#### [Aim of the task]
Transcribe every line from the one containing "SO14 6WL map" through the end of the records below, exactly, but not the pictures.

[Stored items]
------------------------

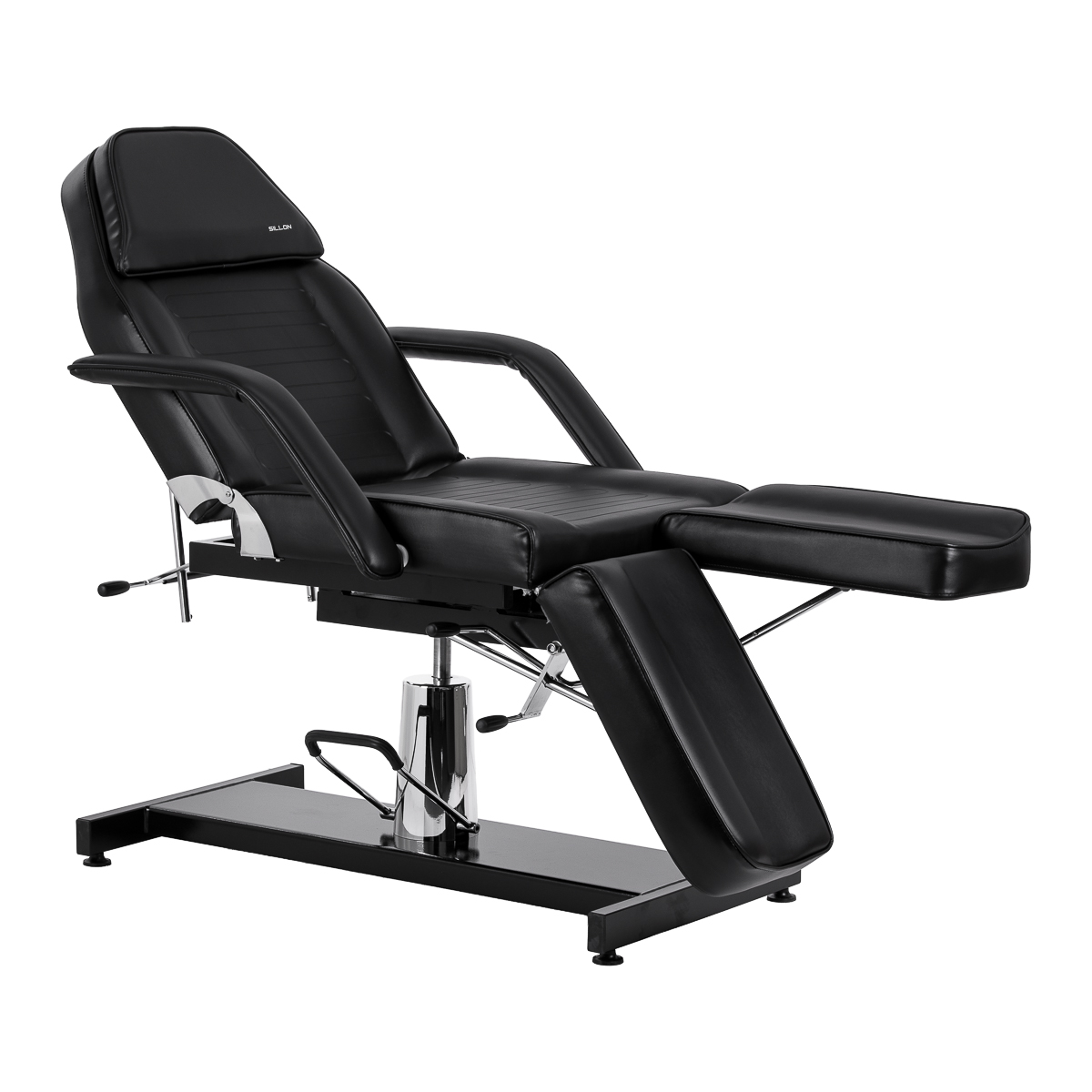 Sillon 210 hydraulinen jalkahoitotuoli keinutoiminnolla ja kaksiosaisella jalkatuella, musta Sillon 210 hydraulinen jalkahoitotuoli keinutoiminnolla ja kaksiosaisella jalkatuella, musta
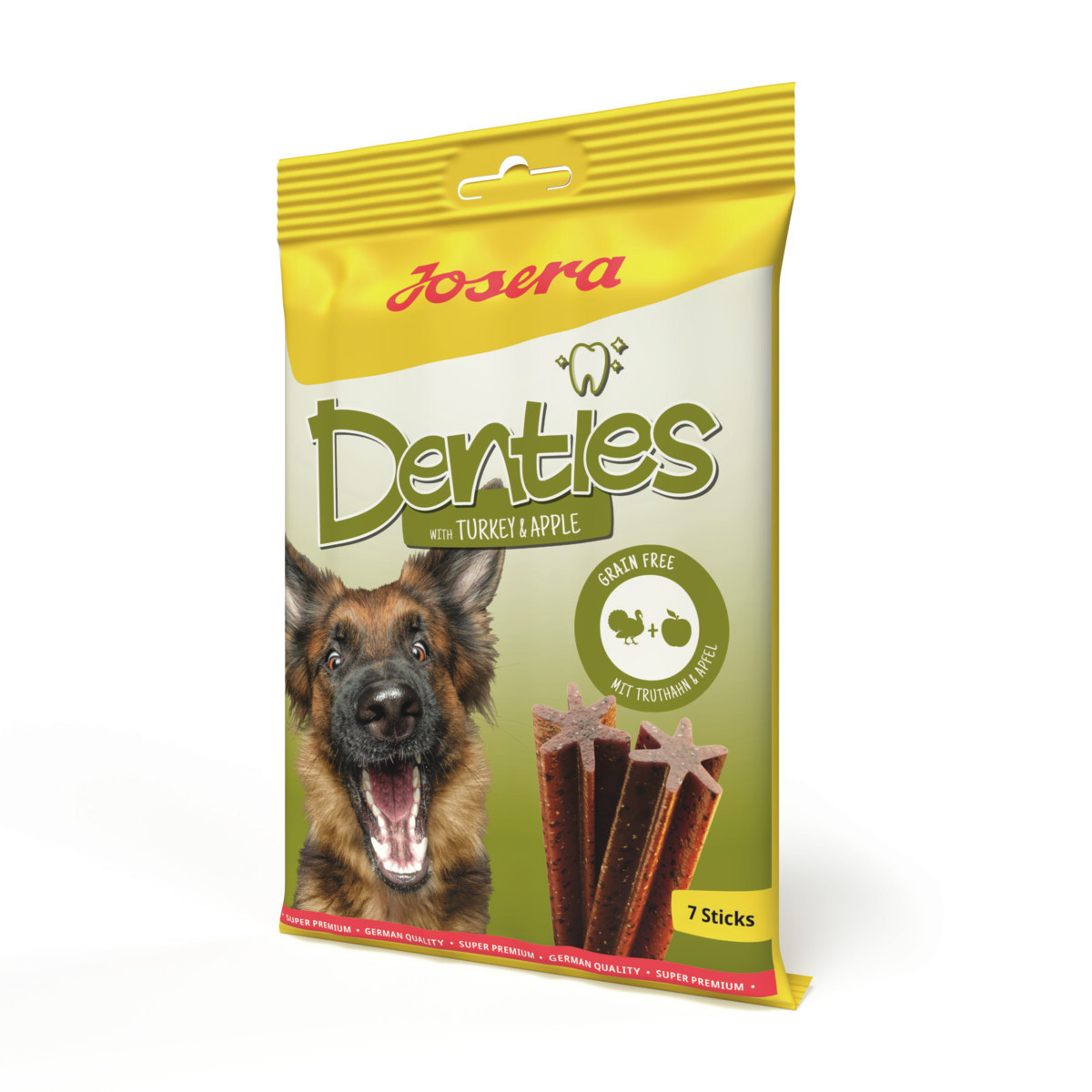 Josera Denties, Zahnpflegesticks f. Hunde, Truthahn & Apfel, getreidefrei, 7 Sticks, German Quality, Super Premium.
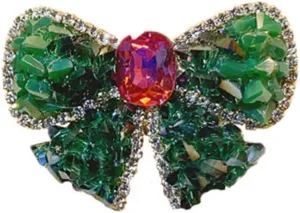 Emerald Crystal Diamond Bow Brooch Pin for Women CZ Ribbon Knot Lapel Pins Delicate Dress Scarf Clips Suit Shirt Corsage Delicate Jewelry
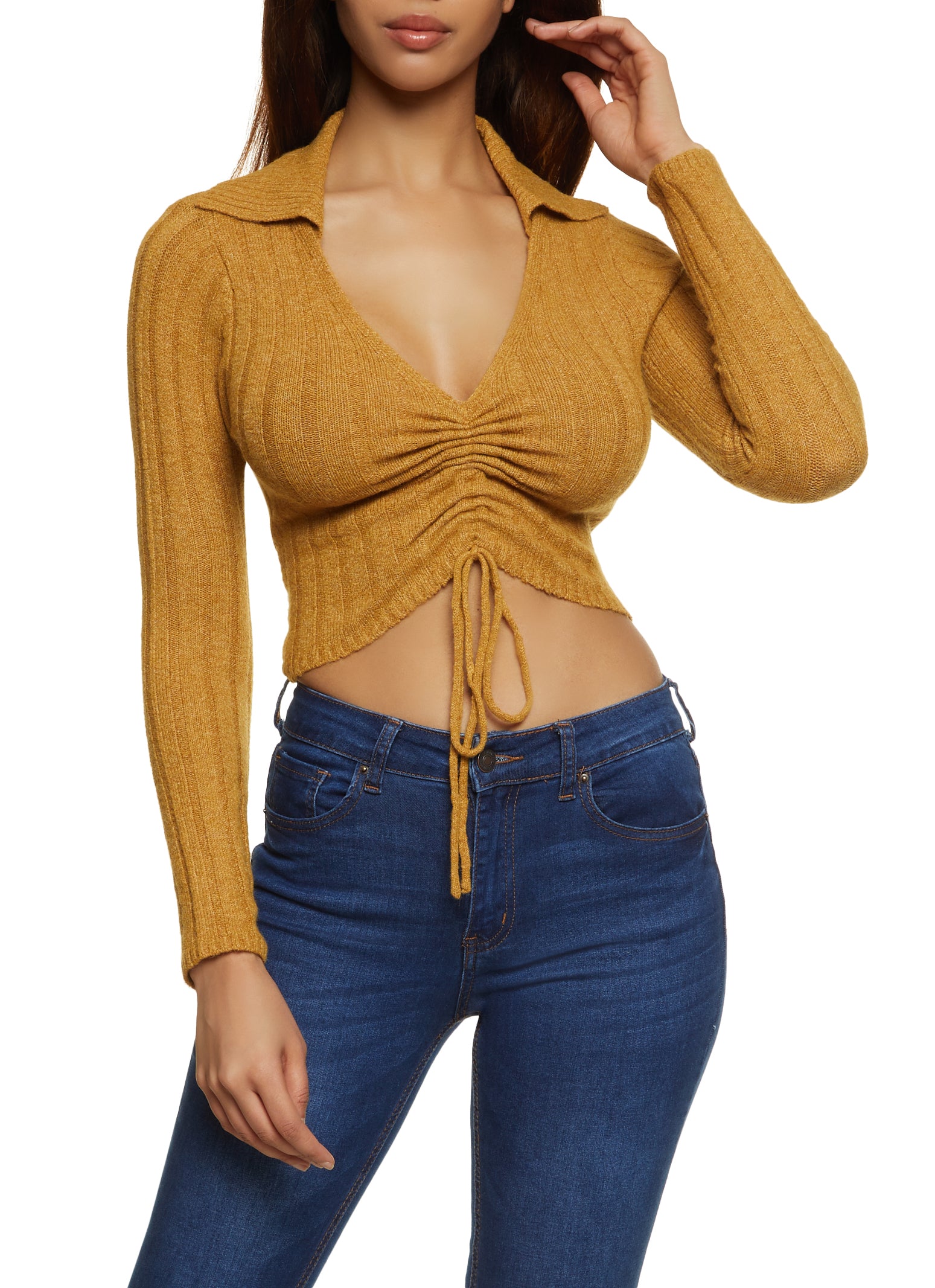 Drawstring cropped sweater hot sale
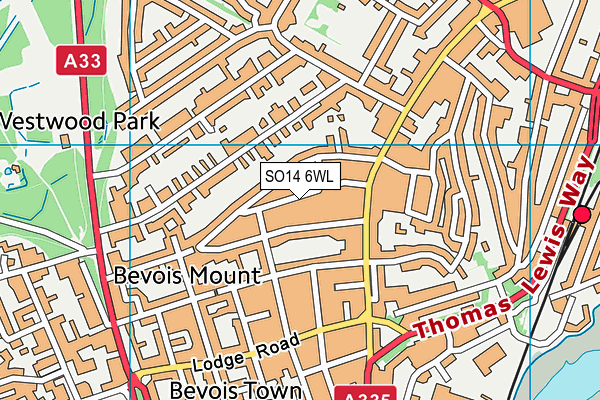 SO14 6WL map - OS VectorMap District (Ordnance Survey)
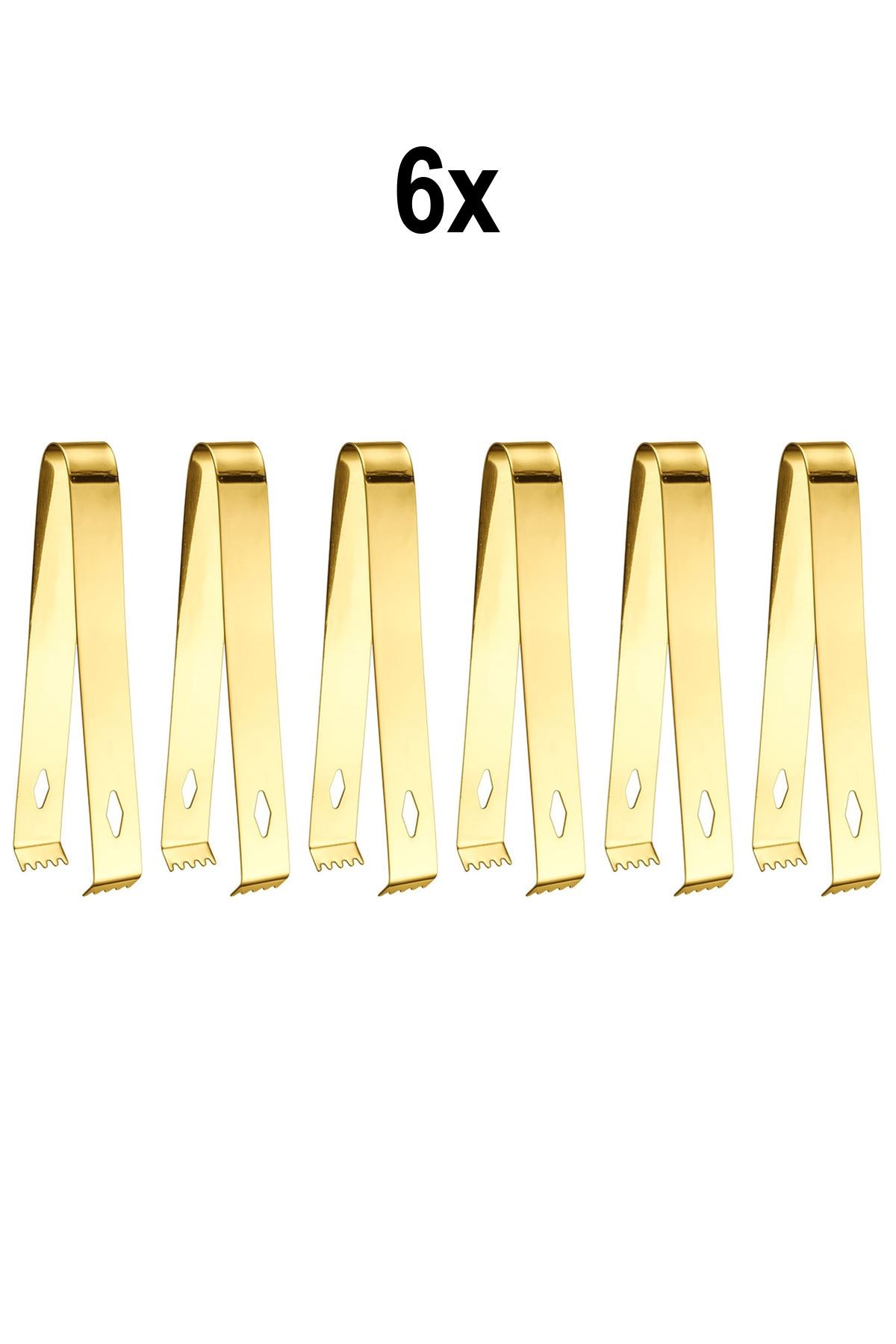 6 Adet Çelik 16,2 cm Gold Buz Ve Şeker Maşası mt128sr-6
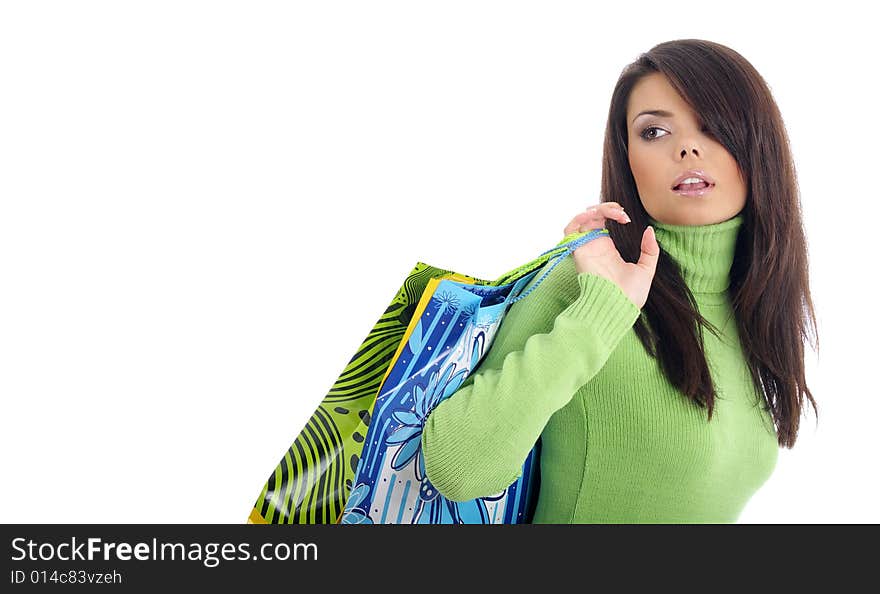 Beautiful woman with shopping bag, shopper isolated on white background. Beautiful woman with shopping bag, shopper isolated on white background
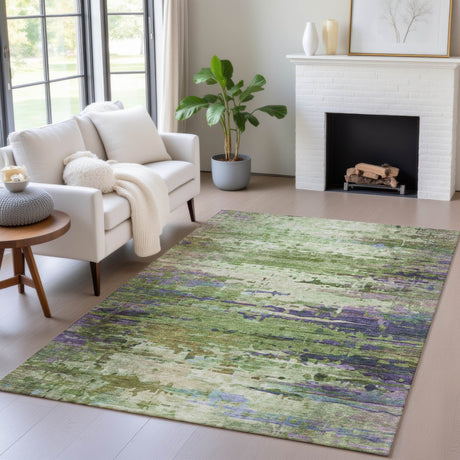 Addison Chantille ACN2035 Abstract Machine Made Transitional Green Rug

------------------------

#### [Solution to this problem]
 SO14 6WL map - OS VectorMap District (Ordnance Survey)
 6 Adet Çelik 16,2 cm Gold Buz Ve Şeker Maşası mt128sr-6
 Beautiful woman with shopping bag, shopper isolated on white background. Beautiful woman with shopping bag, shopper isolated on white background
 Addison Chantille ACN2035 Abstract Machine Made Transitional Green Rug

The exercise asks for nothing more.